Discussion
In his 2003 study “Comparison of acute lethal toxicity of commonly abused psychoactive substances” Robert S. Gable estimates the relative acute lethal toxicity of 20 common recreational drugs. What Gable calls a “safety ratio” is very similar to a therapeutic index, which is defined by TI = LD50 / ED50, where LD50 is the lethal dose that would kill 50% of the population, and ED50 is the effective dose where the desired effects become present in 50% of the population. Gable uses the term safety ratio because “the intended application [of recreational drugs] is not therapeutic.” I am using recreational dose / lethal dose instead of Gable’s lethal dose / recreational dose for safety ratio. This is so that the most toxic drugs have the largest bars which I believe is more intuitive than the alternative. It does not change the ranking.
Information about drug scheduling in the US can be found on the DEA website. The schedules for each drug in the visualization were retrieved from this DOJ Document. Though safety ratio is a narrow and limited metric of harm, this visualization repeats the theme that US drug schedules do a poor job reflecting the actual danger of drugs.
The visualization was made using matplotlib and seaborn, and daltonlens was used to ensure the figure remains clear when viewed with color vision deficiency. Also, shoutout to this visualization of similar data that I borrowed some design elements of.
How was lethal dose determined?
The LD50 values for the study were estimated from a combination of postmortem blood concentrations from compiled fatality databases, the administered doses reported in overdose cases, and pharmacokinetic modeling. Fatality data for a drug involving co-intoxicants or trauma were excluded.
The LD50 values cited in Table 1 are the estimates of a customary dose for a normally healthy 70-kg adult who has not developed tolerance to the substance in question, and who does not have residues of the substance in the body from previous administrations. The estimates do not take into account factors such as environmental stressors or individual differences with respect to sex or ethnicity.
The estimated human lethal dose of all substances was corroborated by non-human animal studies; however, for six of the substances (DMT, ketamine, LSD, marijuana, mescaline and psilocybin) fewer than three reports of human fatality were located. In this situation, the lethal dose in Table 1 is extrapolated from the animal studies. The extrapolated value, reduced by a factor of 10, is noted in the table, and a question-mark follows the related safety ratio. The clinical validity of animal models is always suspect, but the data probably provide a justifiable estimate in the absence of direct evidence.
Limitations
The original paper is detailed in its limitations and I recommend reading it for a complete list, but below I’ve quoted those that I find are the most relevant and/or interesting.

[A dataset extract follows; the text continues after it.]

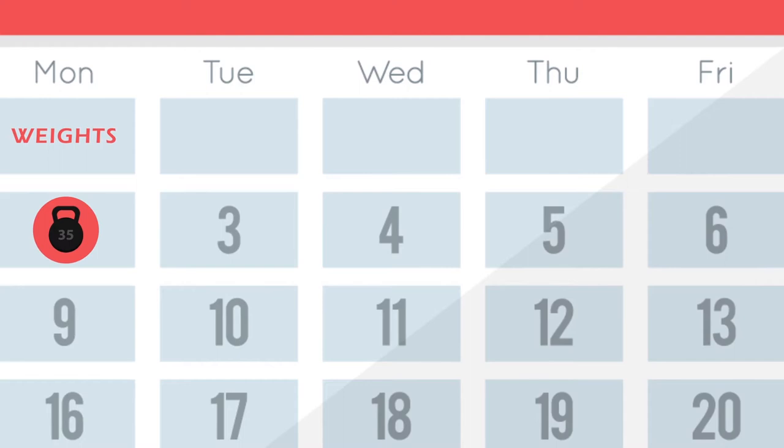So if you're going to work out on Monday, take Tuesday off as far as strength training is concerned. Do some cardio — don't be a slug — but as far as strength training, take that day off. Do more on Wednesday, take Thursday off, do more Friday.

Due to inherent imprecision in toxicity assessments, it would be a flagrant misinterpretation of the numbers … to assume that they could be mathematically manipulated. None the less, the range of safety ratios is so wide that the data appear to have the attributes of an ordinal scale. For example, we can be reasonably sure that the safety ratio of nitrous oxide is larger than the safety ratio of GHB. We need not assert that the safety ratio of nitrous oxide is 20 times greater than GHB in order to make a valid ranking.
Acute effects do not, by definition, take into account the health effects of chronic use. Direct acute lethality from alcohol or nicotine is quite rare, given prevalence of use. However, alcohol and tobacco use, along with obesity, are among the leading long-term causes of preventable death (WHO 2002).
A safety ratio does not reflect serious non-lethal sequelae that may burden the user and society. At relatively low non-toxic levels, psychoactive substances may induce dangerous performance decrements. LSD has a larger safety ratio than codeine, but it would certainly not be the drug-of-choice while operating machinery.
The safety ratios in Table 1 do not reflect metabolic or functional tolerance that a user might have developed. In situations where tolerance to the reinforcing effects of the drug increases more rapidly than to the metabolic effects of the same or a concomitant drug, the safety ratio will narrow.
In other words, these ratios are for otherwise healthy people without tolerances, so the level of safety reflected is most relevant to “discuss the risks associated with initial use”, and “probably have less application to treatment programs where participants tend to be chronic users.”